Alan Sothern

Personal information
- Born: 28 July 1987 (age 39) Shankill, Dublin, Ireland

Sport
- Sport: Field hockey
- Position: Forward
- Club: Pembroke Wanderers

Senior career
- Years: Team / Caps / Goals
- 0000–2010: Pembroke Wanderers / - / -
- 2010–2011: Den Bosch / - / -
- 2011–2014: Pembroke Wanderers / - / -
- 2014–2016: Racing Bruxelles / - / -
- 2016–2018: Pembroke Wanderers / - / -
- 2018–2019: Gantoise / - / -
- 2019–present: Pembroke Wanderers / - / -

National team
- Years: Team / Caps / Goals
- 2006–2018: Ireland / 187 / (74)

Medal record
Men's field hockey
Representing Ireland
EuroHockey Championships
| Bronze medal – third place | 2015 London |  |

= Alan Sothern =

Irish field hockey player

Alan Sothern (born 28 July 1987) is an Irish field hockey player who plays as a forward for the Pembroke Wanderers.

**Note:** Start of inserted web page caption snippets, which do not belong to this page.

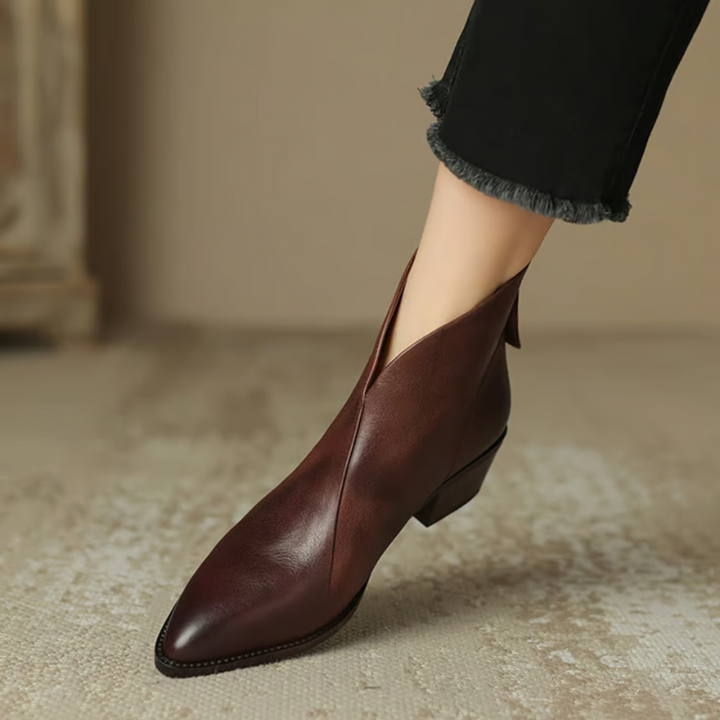 Brown Women’s Elegant Block Heel Ankle Boots on the model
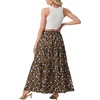 image:imageGRECERELLE Maxi Skirts for Women High Waist Tiered with PocketsBlack Multicolor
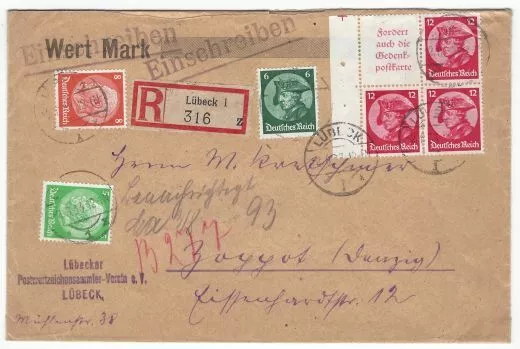 Deutsches Reich 1933 MiNr. 75 B Zd. W45 K18 Auslandsbrief Einschreiben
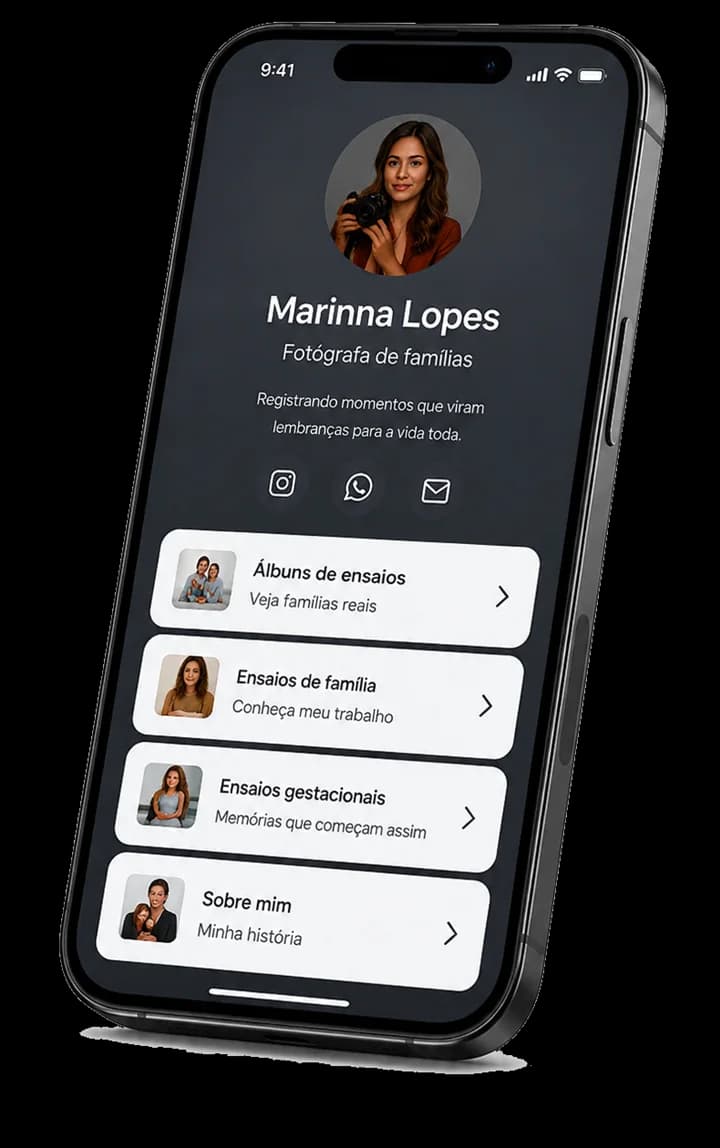 Prévia de uma bio de fotógrafa aberta no celular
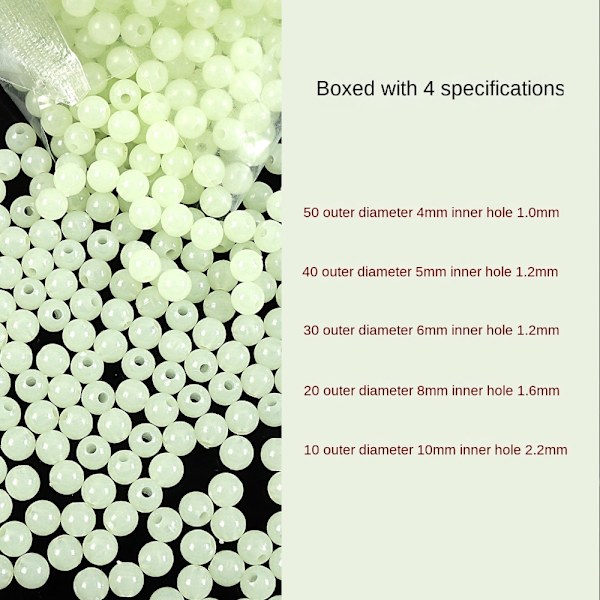170 stk/sæt Fiskebløde flyderperler hårdt gummi 8MM-120STK 8mm-120pcs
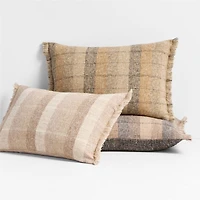 Agnes Woven Wool Blend Fringe Stripe 24"x16" Deep Indigo Throw Pillow with Down-Alternative Insert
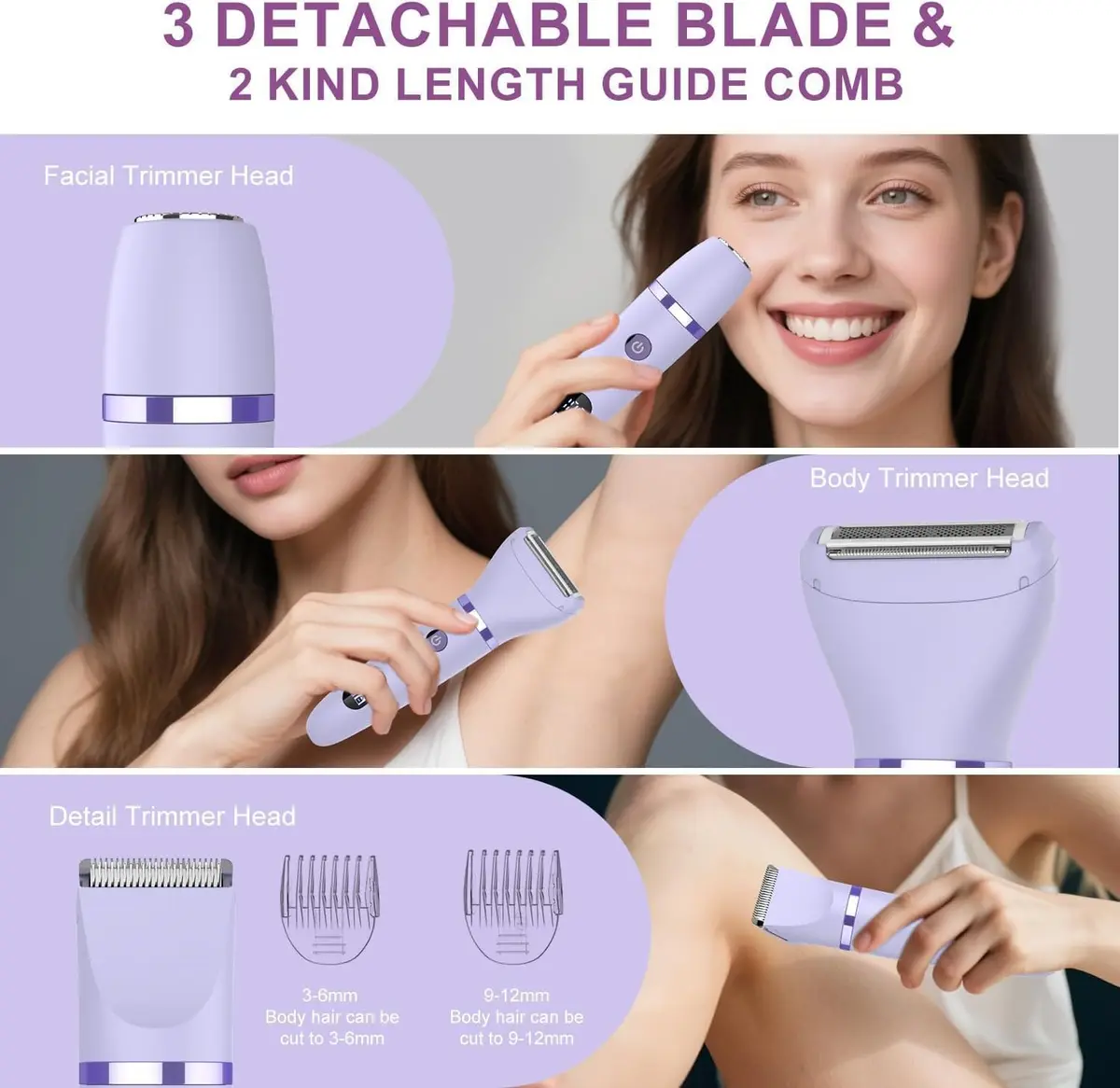 Scttomon 3-in-1 Electric Razor Bikini Trimmer Waterproof Wet & Dry | Painless Personal Groomer for Ladies Face & Body - view 2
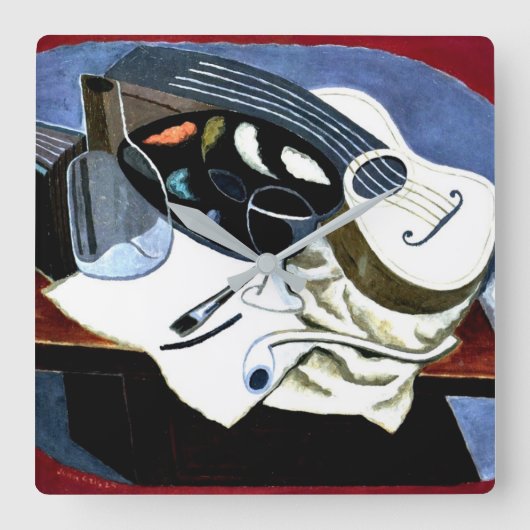 グリス-画家のテーブル、フアン·グリス絵画ズ スクエア壁時計 (正面)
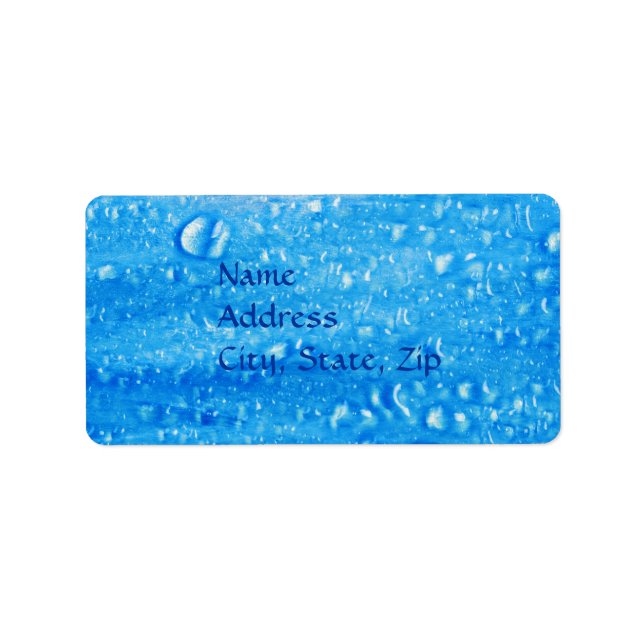 Blue Water Drops Address Label (Front)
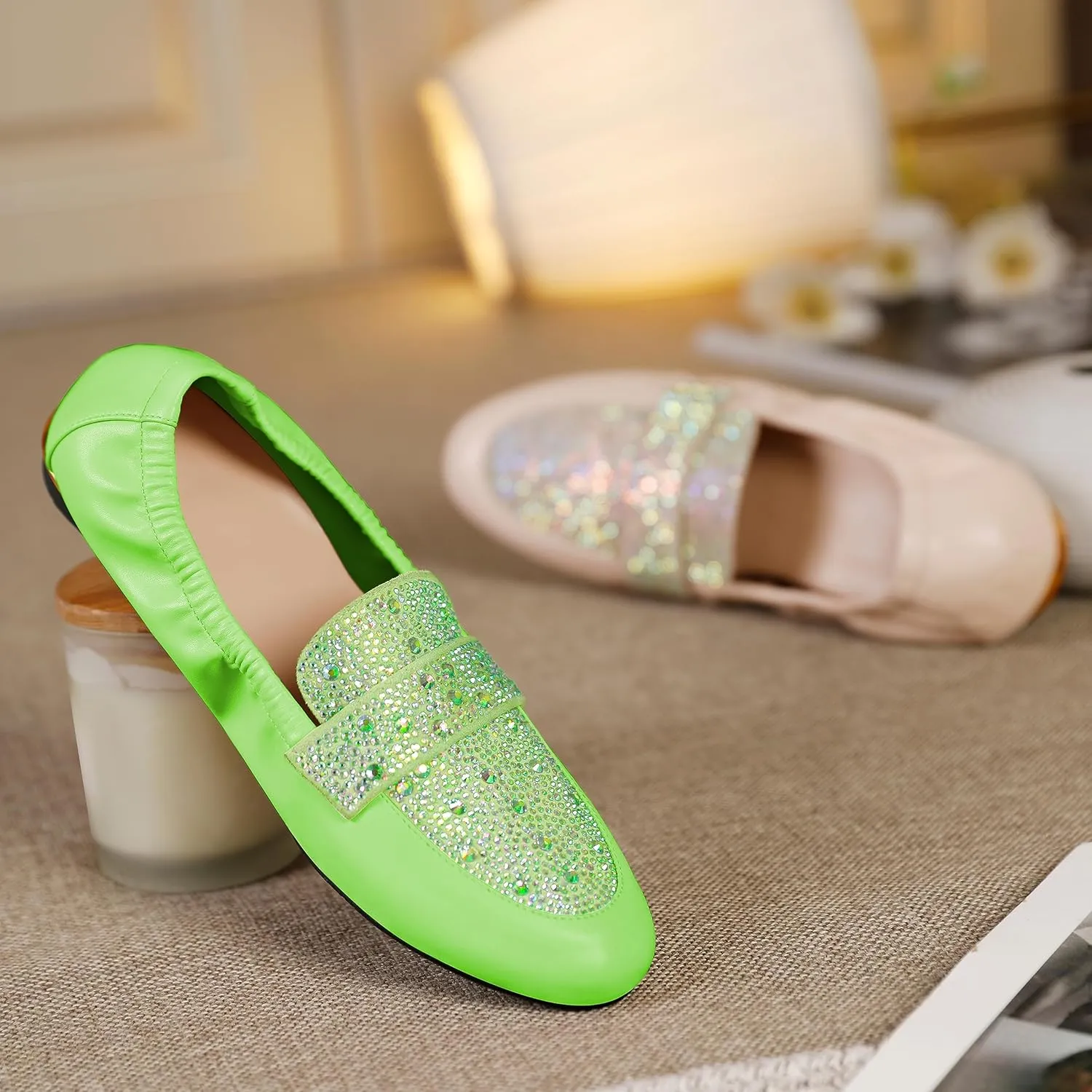 Joseywade Women's Ballet Flat Shoes Round Toe Slip On Rhinstone Walking Flats Cute Casual Low Comfort Soft Dress Shoes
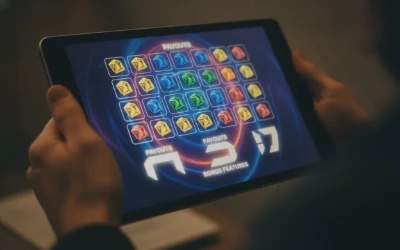 Close-up of an online slot game paytable on a tablet screen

He competed for the Ireland men's national field hockey team at the 2016 Summer Olympics.

==Club career==
Alan Sothern won two Irish Hockey League titles with Pembroke Wanderers in 2009 and 2010, before he went abroad to play for HC Den Bosch in the Netherlands. He left Den Bosch after one season to return to Pembroke Wanderers. He played for Racing Club de Bruxelles and Pembroke Wanderers again before joining La Gantoise in 2018.